A recent Fresno Bee story stated that six lawsuits had been filed against Madera County officials over the past month by former Chukchansi tribal police officers who were prosecuted following the Oct. 9, 2014, raid of a casino office that led to the 14-month closure of the Chukchansi Gold Resort & Casino.
Of the 10 officers who were jailed, nine have filed civil lawsuits in U.S. District Court in Fresno naming former District Attorney Michael Keitz, retired Sheriff John Anderson, current District Attorney David Linn, his prosecutor, Nick Fogg, and other members of the sheriff’s office.
The suits claim malicious prosecution, arrests without probable cause, false arrests, economic losses, emotional distress and excessive bail, and seek damages, lost wages, bail, attorney and court costs.
Chukchansi Tribal Chairwoman Claudia Gonzales calls these nine individuals rogue, adding that they do not represent the tribe.
“In 2014, an unauthorized group of individuals raided the Chukchansi Gold Casino and Resort resulting in the National Indian Gaming Commission and the State of California shutting us down. Those individuals were not authorized by the governing body of the tribe to conduct any raid,” Gonzales explained. “Now, two press outlets have erroneously reported that ‘members of the Picayune Rancheria of Chukchansi Indians are suing the County of Madera.’ That is inaccurate. The plaintiffs in these suits are not members of the tribe and have no standing to sue the county on our behalf.

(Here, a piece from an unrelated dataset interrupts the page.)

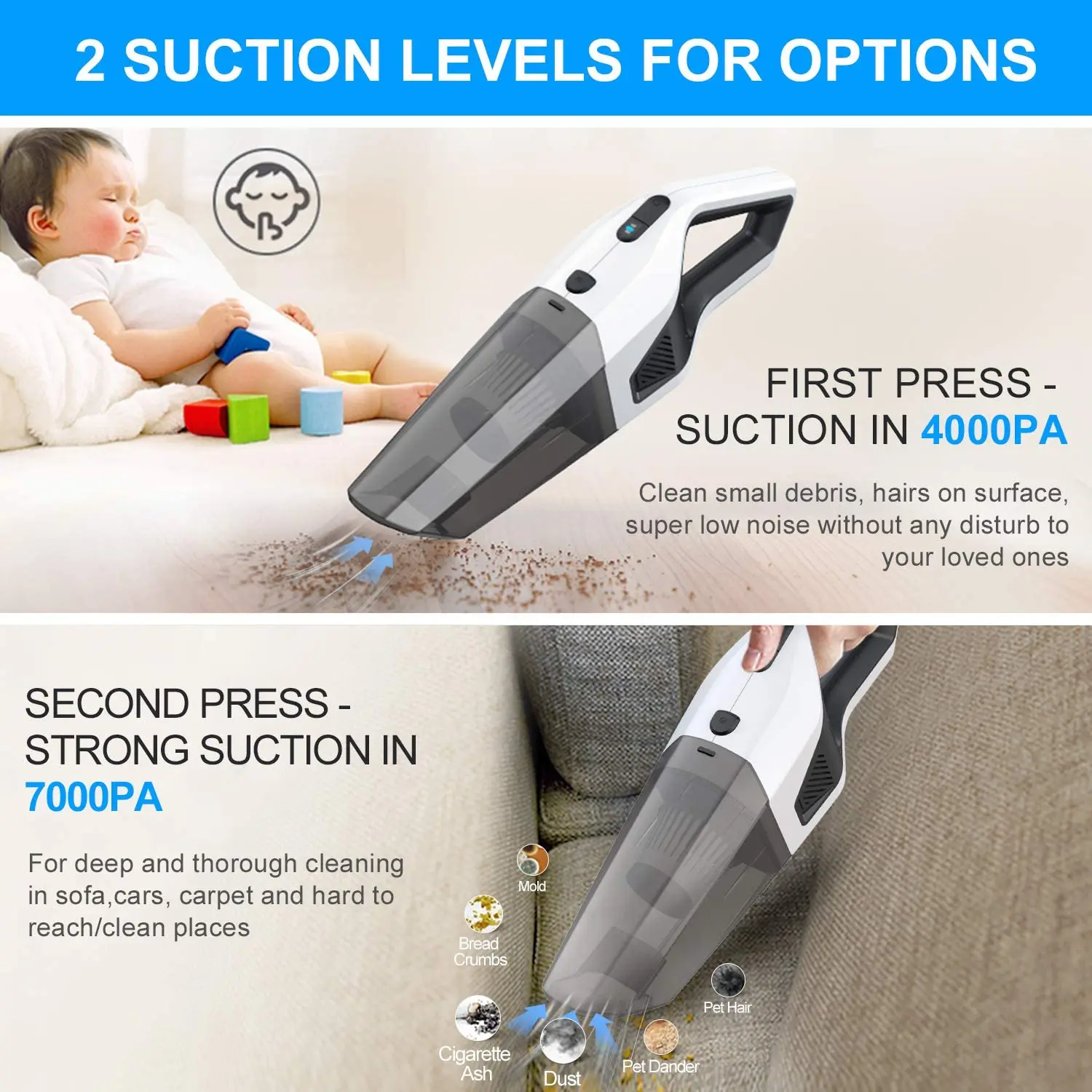 Handheld Vacuum Portable Rechargeable Vacuum Cleaner Quick Charge Cordless Powerful Cyclone Suction for Car Home 120W / 7000PA
Handheld Vacuum Portable Rechargeable Vacuum Cleaner Quick Charge Cordless Powerful Cyclone Suction for Car Home 120W / 7000PA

I have directed our tribal attorneys to assist the county in dismissing their lawsuit immediately.”
The nine claim their arrests, just before a contested election for district attorney, were politically motivated, and also say the sheriff’s office improperly carried out the tenets of Public Law 280, which gives tribes the power of criminal-offense jurisdiction within the Coarsegold Rancheria’s borders. Public Law 280 allows arrests of non-Indians and detention until local or state law enforcement arrives.
“Chukchansi has a longstanding partnership with the county and has helped bring jobs and economic vitality to the region,” Gonzales continued. “Since the election of new tribal councils we have made great progress and in just the past year we have successfully re-opened the Picayune Rancheria Chukchansi Gold Resort & Casino, re-established our economic base and created nearly 1,000 jobs.
“In addition, we have reinstated many of our membership programs including elder assistance programs that are so important to our tribe, and on Dec. 4, announced nearly $1.5 million in community grant monies going to 33 organizations throughout Madera County. The lawsuit recently filed in federal court is the work of nine rogue individuals who do not represent nor reflect the hard work and appreciation the Chukchansi tribe has for Madera County.”